> Assigned task
Your answer should be the full set of records, printed exactly as they stand.

> Data to examine

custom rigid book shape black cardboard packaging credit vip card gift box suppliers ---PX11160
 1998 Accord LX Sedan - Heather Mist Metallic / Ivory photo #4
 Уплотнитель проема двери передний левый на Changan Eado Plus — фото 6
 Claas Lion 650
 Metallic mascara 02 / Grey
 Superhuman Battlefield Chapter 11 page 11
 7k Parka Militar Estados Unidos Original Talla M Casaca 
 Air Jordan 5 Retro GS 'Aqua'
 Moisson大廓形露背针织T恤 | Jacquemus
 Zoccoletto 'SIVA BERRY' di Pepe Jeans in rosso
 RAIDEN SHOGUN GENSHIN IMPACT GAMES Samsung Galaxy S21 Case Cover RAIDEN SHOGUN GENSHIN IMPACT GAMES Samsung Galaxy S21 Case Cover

> Written answer
custom rigid book shape black cardboard packaging credit vip card gift box suppliers ---PX11160
 1998 Accord LX Sedan - Heather Mist Metallic / Ivory photo #4
 Уплотнитель проема двери передний левый на Changan Eado Plus — фото 6
 Claas Lion 650
 Metallic mascara 02 / Grey
 Superhuman Battlefield Chapter 11 page 11
 7k Parka Militar Estados Unidos Original Talla M Casaca 
 Air Jordan 5 Retro GS 'Aqua'
 Moisson大廓形露背针织T恤 | Jacquemus
 Zoccoletto 'SIVA BERRY' di Pepe Jeans in rosso
 RAIDEN SHOGUN GENSHIN IMPACT GAMES Samsung Galaxy S21 Case Cover RAIDEN SHOGUN GENSHIN IMPACT GAMES Samsung Galaxy S21 Case Cover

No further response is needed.